I am newbie in Flink, planning to deploy Flink session cluster on EKS with 1 job manager and 5 task managers (each task managers with 4 slots). Different jobs will be submitted through UI for different usecase.
Let's say I have submitted a stateful job (job has simple counter logic using RichFlatMapFunction) backed by RocksDBStateBackend with S3 checkpointDataUri and DbStoragePath pointed to local file path and this job utilises 8 slot totally which is spreaded across two task managers and running fine without any issues for a day. Now following are my question,
1) My understanding about checkpointDataUri and DbStoragePath in RocksDBStateBackend is, checkpointDataUri stores the processed offset information in S3 (since I configured the checkpointDataUri with S3 prefix) and DbStoragePath contains all the state information which is used in RichFlatMapFunction. So all the stateful information are stored in checkpointDataUri which is available in local only. Please correct me If it is wrong.

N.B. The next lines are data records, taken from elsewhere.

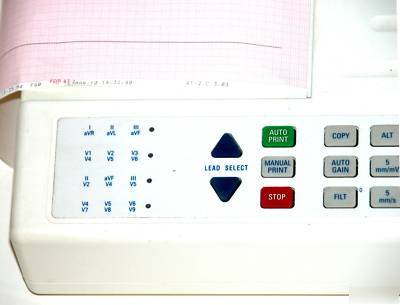 Welch allyn schiller cardiovit at-2 ekg interpretive 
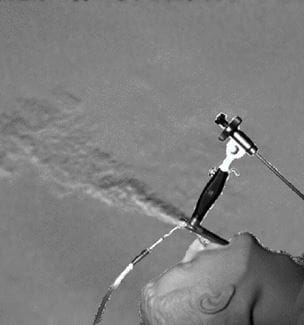 Example processed BOS image of jet ventilation on a manikin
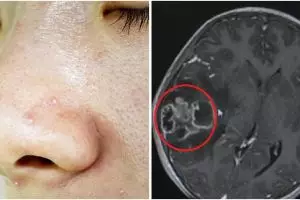 Duh, anak 10 tahun ini derita infeksi otak usai komedonya dipencet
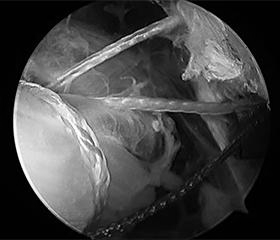 Sutures are tied on the top side of the tendon.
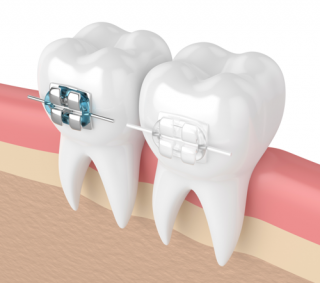 orthodontics pakenham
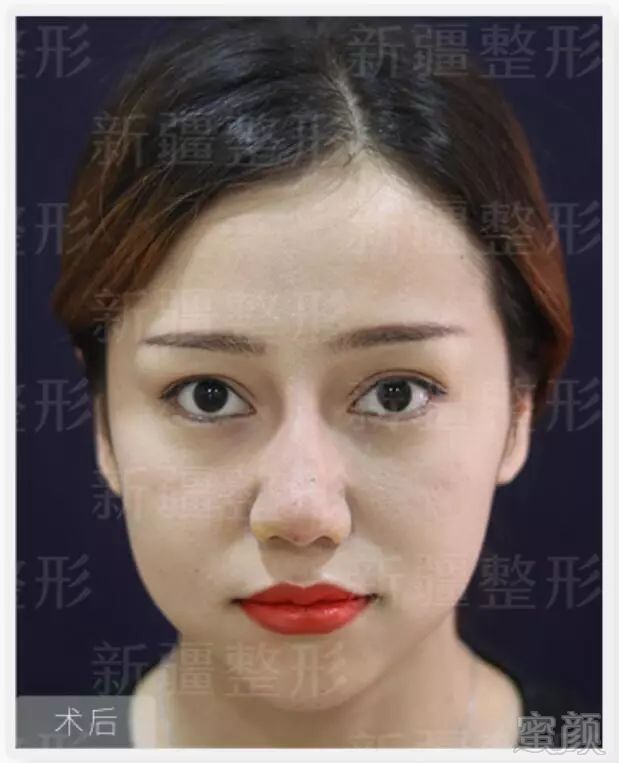 https://img.miyanlife.com/mnt/timg/190126/1241264130-5.jpg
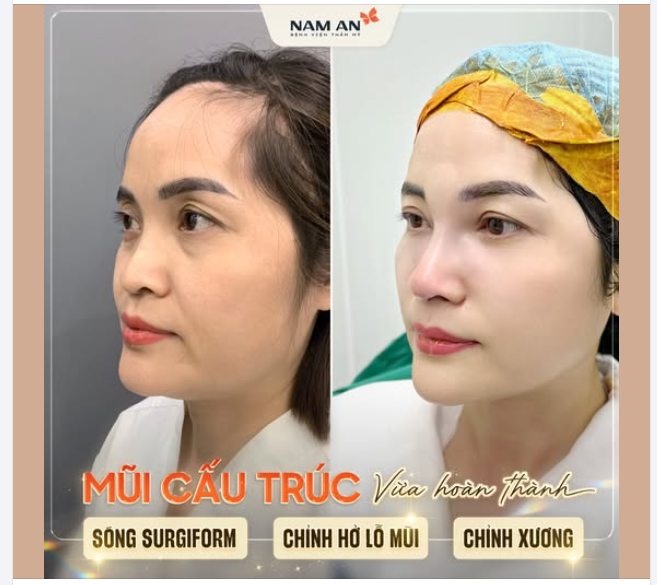 HOÀN THIỆN DÁNG MŨI CẤU TRÚC SỤN SURGIFORM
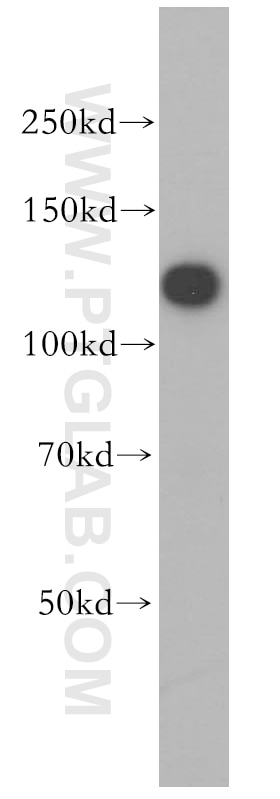 Western Blot (WB) analysis of HEK-293 cells using HNRNPU Polyclonal antibody (16365-1-AP)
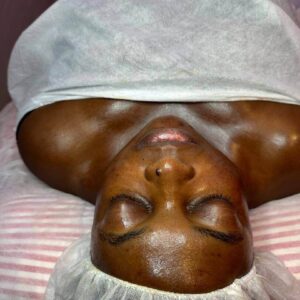 SKIN PEELS IN BUEA CAMEROON SKIN PEELS IN BUEA CAMEROON
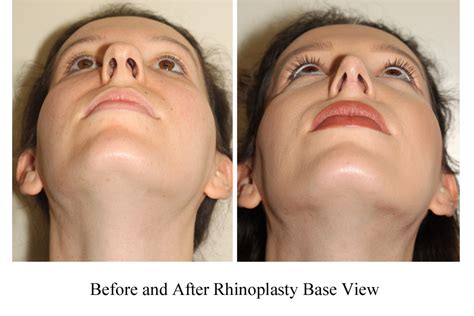 Tip Refinement And Deprojection Dr Denton Vancouver Surgeon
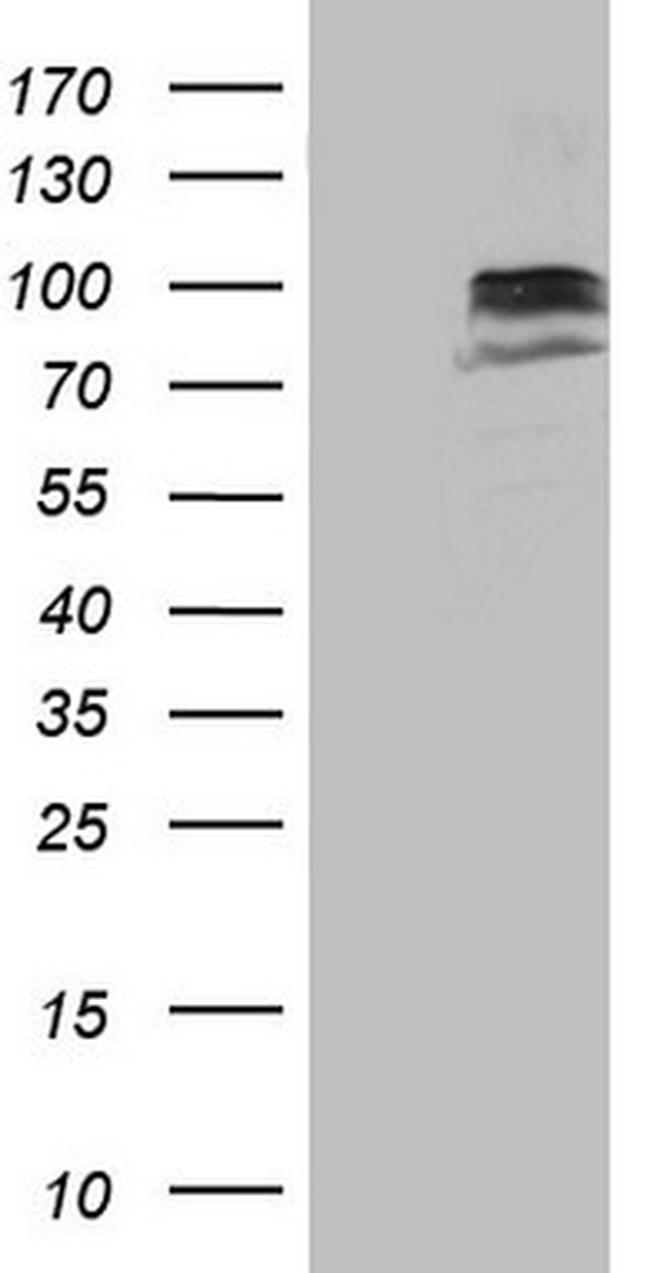 SUOX Antibody in Western Blot (WB)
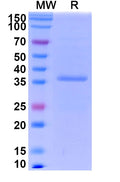 Recombinant Salmonella schwarzengrund murG Protein, C-His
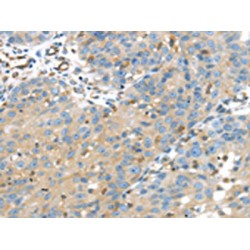 Insulin Like Growth Factor Binding Protein 4 (IGFBP4) Antibody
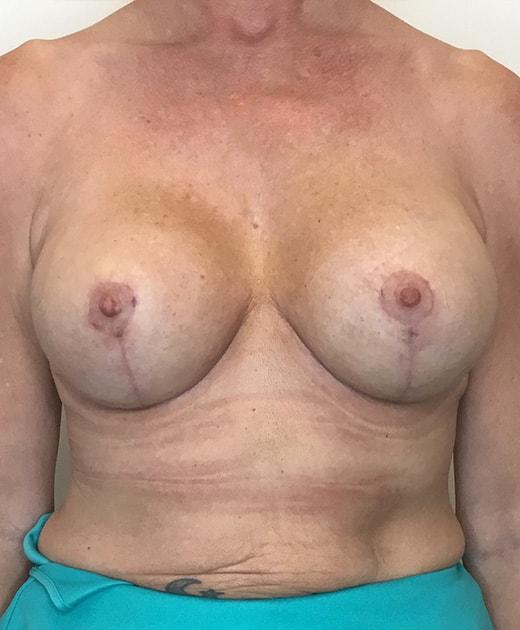 Ciaravino Total Beauty breast augmentation revision after — Houston, TX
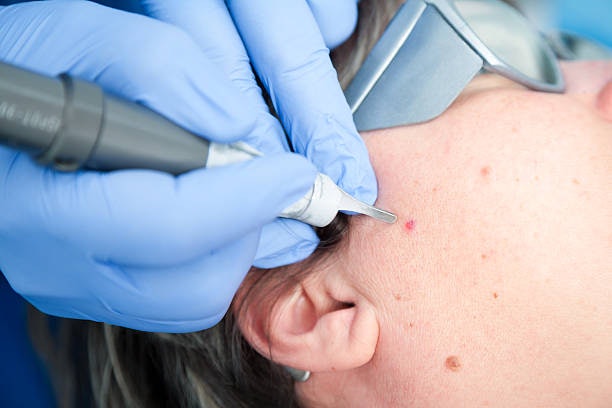 เลเซอร์กระเนื้อ เลือก CO2 Laser หรือ Ablative Erbium Yag Laser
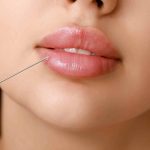 Lip Filler Consultation in North Potomac MD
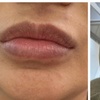 Image 5: 1ml or 2ml Dermal Filler Treatment on Lips with Consultation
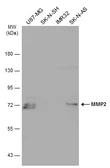 Anti-MMP2 antibody [GT185] used in Western Blot (WB). GTX634832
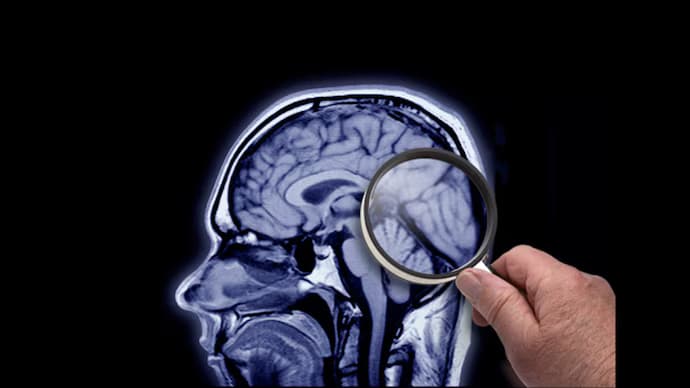 Innovative Research on Dementia in India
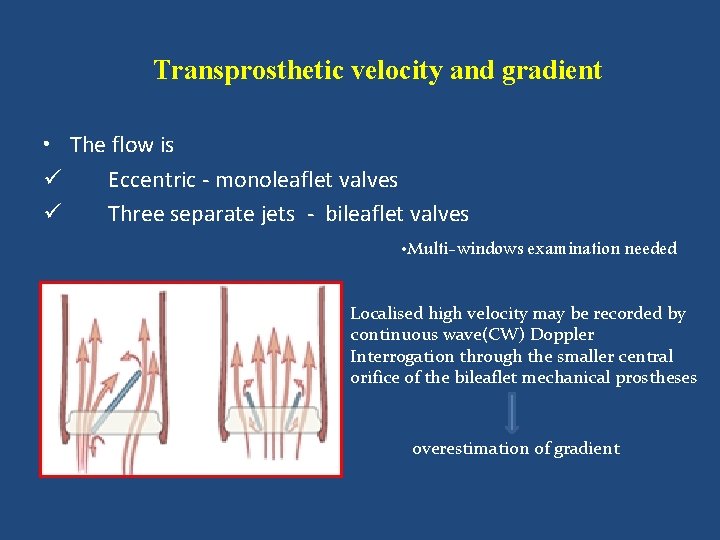 Transprosthetic velocity and gradient • The flow is ü Eccentric - monoleaflet valves ü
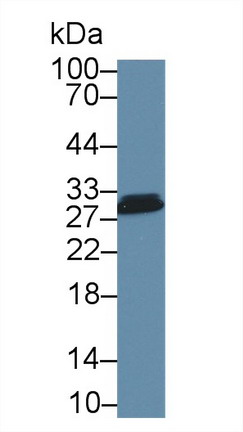 Polyclonal Antibody to Carbonic Anhydrase II (CA2)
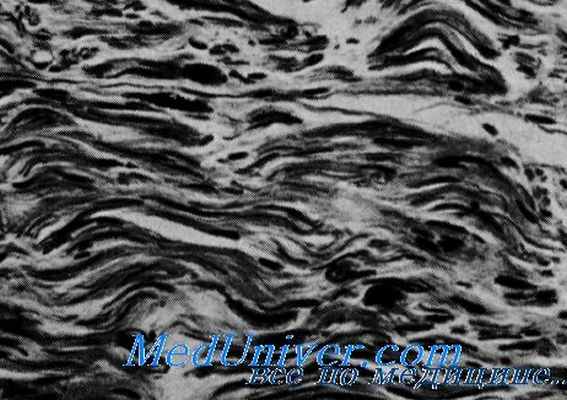 сенсорная нейропатия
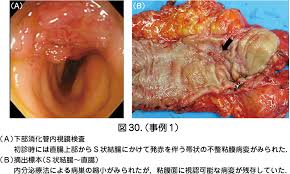 5）稀少部位子宮内膜症の取り扱い – 日本産婦人科医会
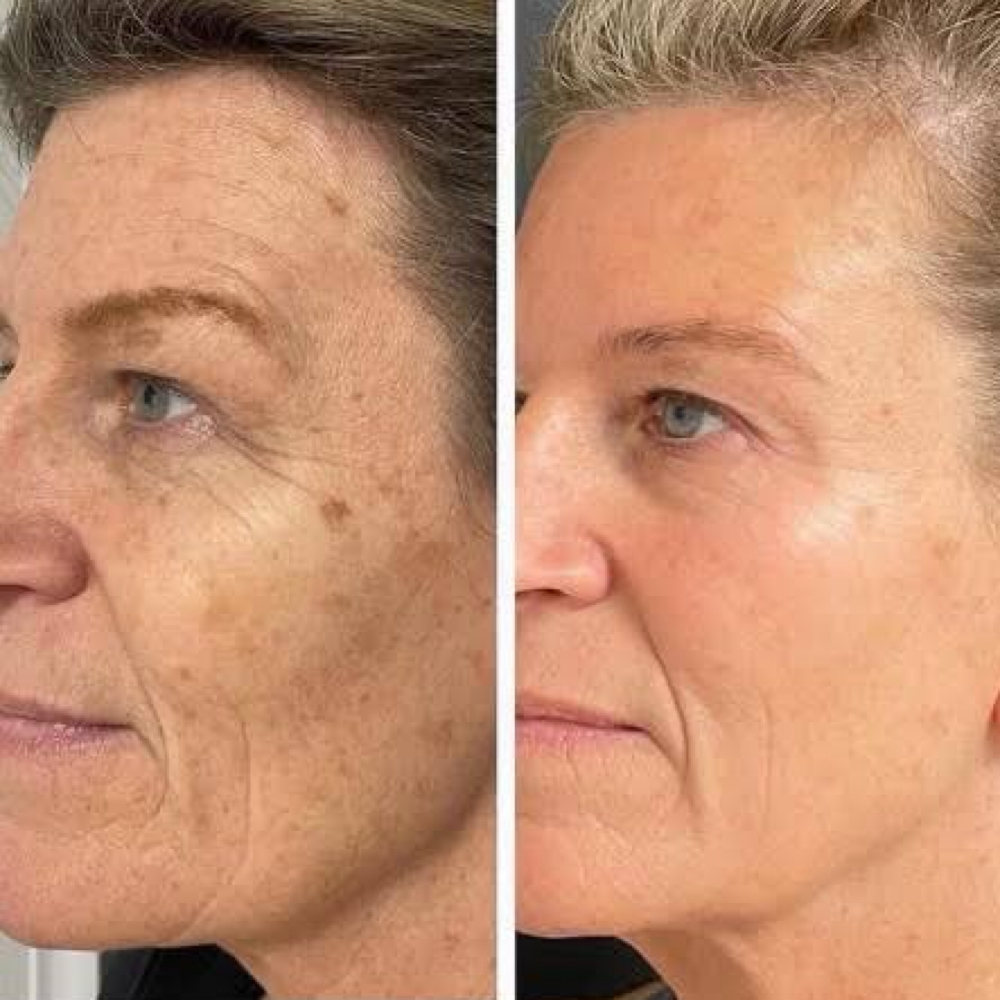 PROCELL microchanneling at Glamour Beauty House in Fort Myers, FL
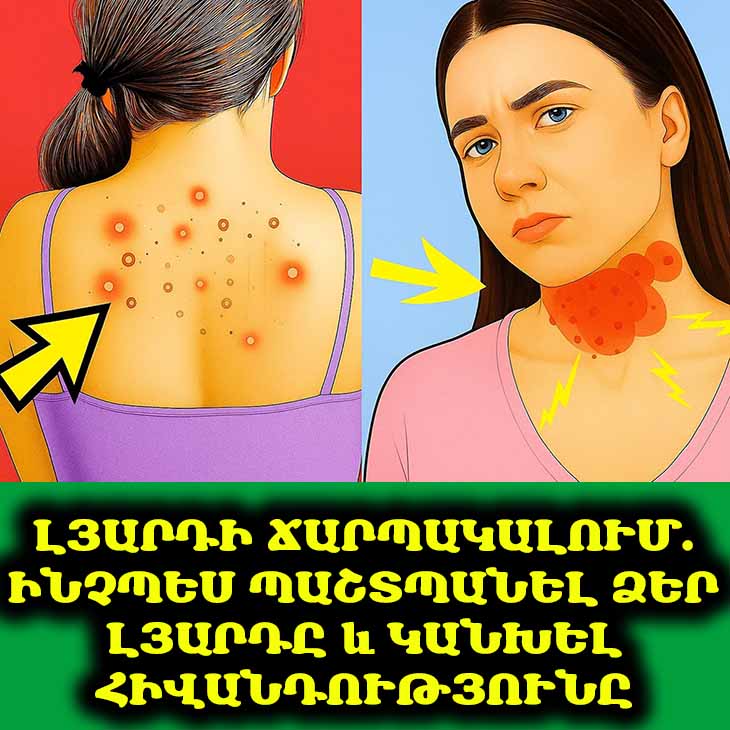 Լյարդի ճարպակալում․ նախազգուշական նշաններ և բուժում։ Հիմնական փաստեր, որոնք բժիշկները ցանկանում են, որ դուք իմանաք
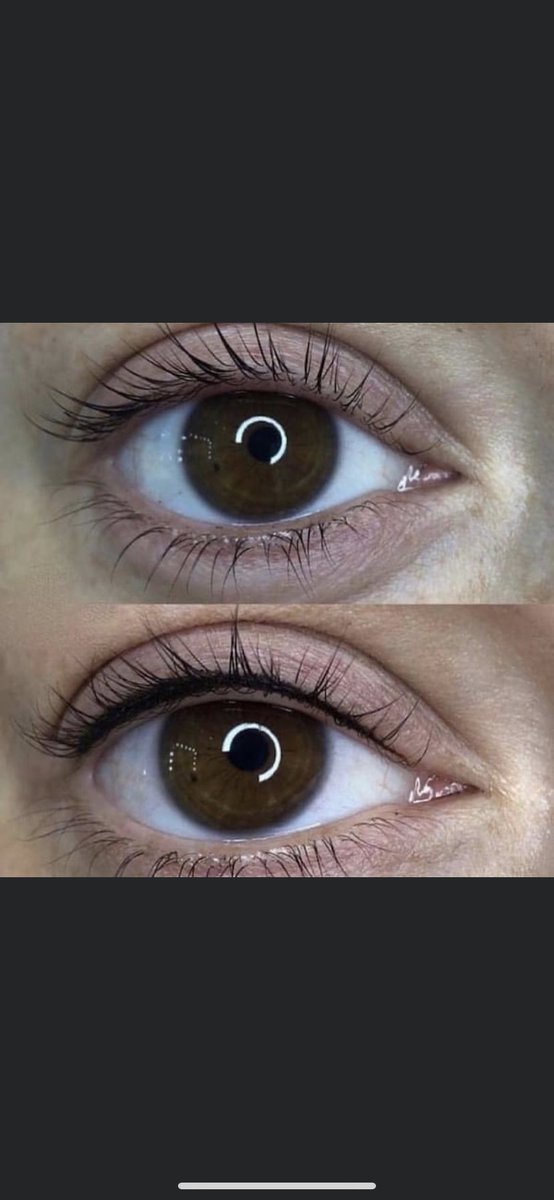 🌸kalıcı diplıner açılışa özel fiyat fırsatlarını kaçırmayın.
☎️0541 259 77 31
#sakarya #sakaryakalıcımakyaj  #sakaryaeyeliner  #sakaryadipliner  #sakaryakirpik  #sakaryakirpiklifting  #sakaryamikroblading  #sakaryamikropigmentasyonkaş  #sakaryalazerepilasyon  #sakaryabuzlazer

2) Lets say my Ec2 instance was restarted (the one where the 4 slots was utilised) for some reason and it took around 30 minutes to come online, in this case, EKS will make the new Ec2 instance as TaskManager to match the replicas, however whether Flink job manager will try to reschedule the 4 slots to a different task manager now? If yes, how the state which was stored in Ec2 local instance has to be recovered?
3) Is there is any document/video for Flink EKS failure recovery related things. I saw the official documentation which specifies how to deploy Flink session cluster in EKS. But I don't find anything related to failure recovery in EKS mode. Could someone please point me in the right direction on this?